Indeed, Hemingway’s life and work are a testimonial to his ability, endurance, and tenacity. Jake Barnes perseveres despite his impotence. Frederic Henry survives despite the war. Francis Macomber regains his courage. Robert Jordan remains committed to Maria and the cause for which he is fighting. The old man of the sea demonstrates that, despite his age and bad luck, he is still El Campeón.[9] We could argue that Hemingway’s female protagonists are less fortunate or less admirable than their male counterparts, but the fact remains that selected personae embody praiseworthy characteristics: courage, nobility, skill, endurance, fidelity, and faith—traits that are manifest against all odds, even when a man ends up with nothing. In his life and in his work Hemingway had explored and come to terms with the three premises of the absurd (freedom, passion, and rebellion), he had endured as long as he could, and he was “fraid a nothing,”[10] not even death.
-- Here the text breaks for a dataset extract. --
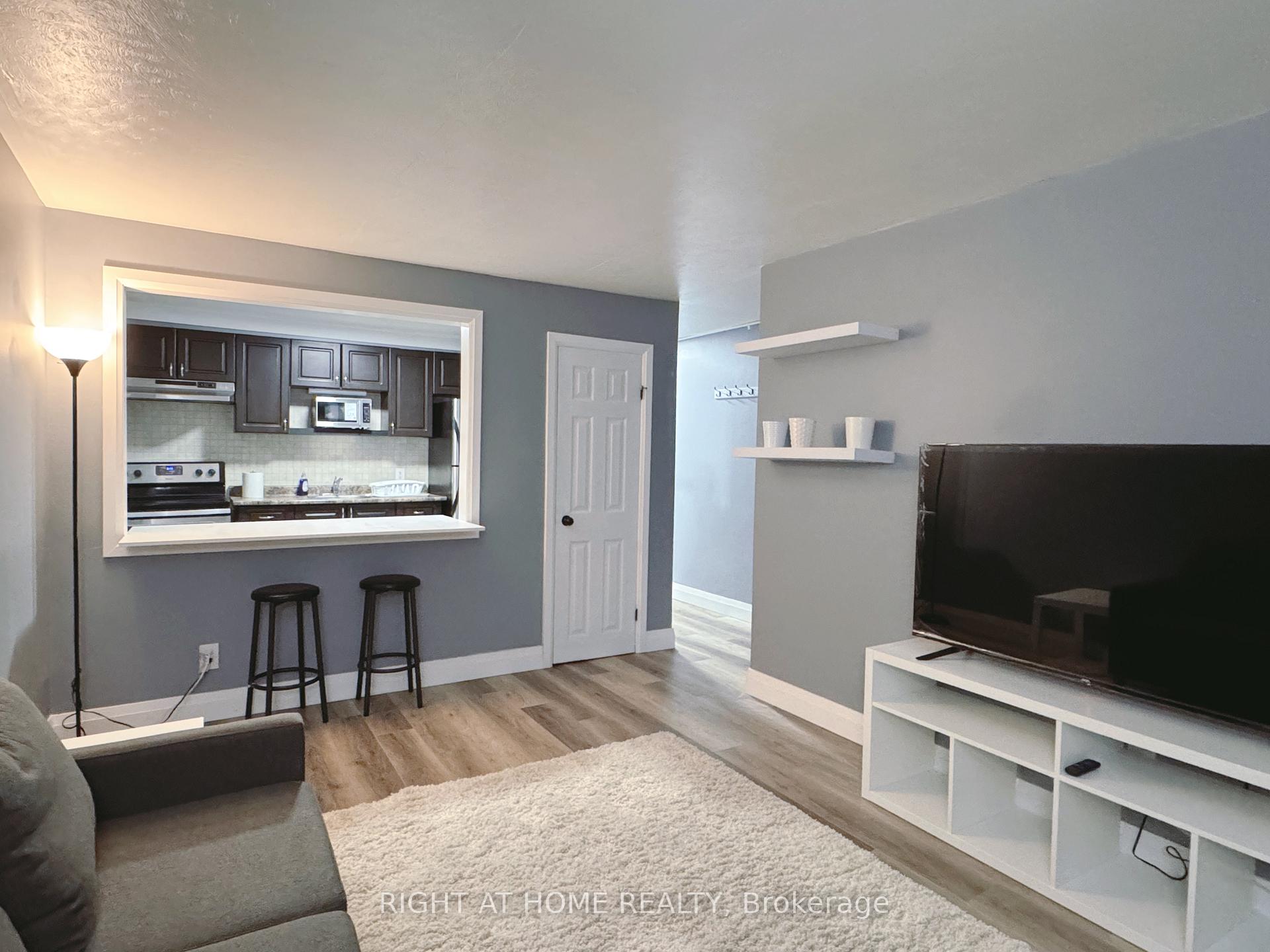 Photo 3 of 281 Lorne Avenue, Kitchener — HOMEH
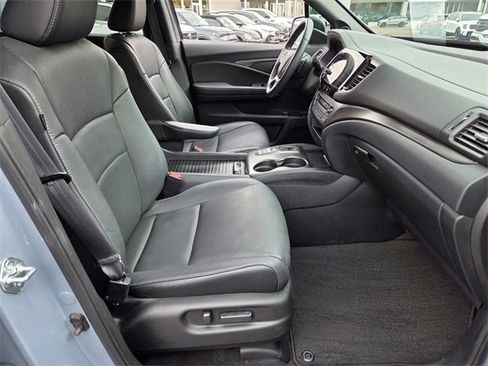 Used 2023 Honda Passport EX-L image 16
Like many of his characters, Hemingway knew what death was and, like them, he had done his share of killing. The old man of the sea’s determination to kill the marlin despite “his power and his beauty” (OMATS 94) echoes the tone in Green Hills of Africa where the highest satisfactions derive from the shooting of the biggest and most beautiful animals. Hemingway’s entire oeuvre is an ongoing dialogue with death, and he and his killers usurp the role of God (or nature) because, whenever they kill, they assert the power of man.
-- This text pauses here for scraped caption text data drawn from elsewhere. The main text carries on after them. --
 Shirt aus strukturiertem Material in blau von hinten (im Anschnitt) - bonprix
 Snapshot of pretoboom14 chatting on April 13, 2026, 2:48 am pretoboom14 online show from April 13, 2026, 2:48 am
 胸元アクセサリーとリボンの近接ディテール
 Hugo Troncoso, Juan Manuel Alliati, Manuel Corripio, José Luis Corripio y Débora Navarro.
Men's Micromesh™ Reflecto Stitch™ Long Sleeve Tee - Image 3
This Nietzschean striving for the Übermensch, when coupled with the idea that “man is a rope … stretched across an abyss,”[11] manifests a human will that opposes the existential void. Life may be nada but the will to confront the nothings that dehumanize it is an important dimension of Hemingway’s code hero. Hemingway is fascinated by death and his work is one continuous dramatization of it. The corrida in The Sun Also Rises and in Death in the Afternoon stages death as spectacle, life as tragedy, and the matador—man the artist—as the mediator between the two. Hemingway also compares writing with the corrida. Courage, skill, and endurance are the attributes of the bullfighter as well as the artist, and the writer capable of bringing his life’s work to term manifests all three. Art, says André Malraux, is a revolt against fate because, after the writer’s death, only the voices of art remain—“the voices of silence” that speak through the work that survives.[12]

Although death is an important leitmotif in Green Hills of Africa, the landscape is equally significant. Hemingway loved Africa and he felt at home there, “and where a man feels at home, outside of where he’s born, is where he’s meant to go” (GHA 284). There was game, plenty of birds, and he liked the natives. “That, and writing, and reading, and seeing pictures was all I cared about doing.… That and ski-ing” (GHA 285). The fact that Hemingway’s heightened sense of well-being depends in part on killing animals underscores the Nietzschean motif of the superman. But killing aside, Hemingway’s primal contact with nature is an essential part of the “moveable feast” that regulates his pleasures. The natural world is an important trope for Hemingway and Camus, and both authors use nature as an objective correlative: their landscapes situate characters not only in space but also in time where beliefs, attitudes, and values are defined.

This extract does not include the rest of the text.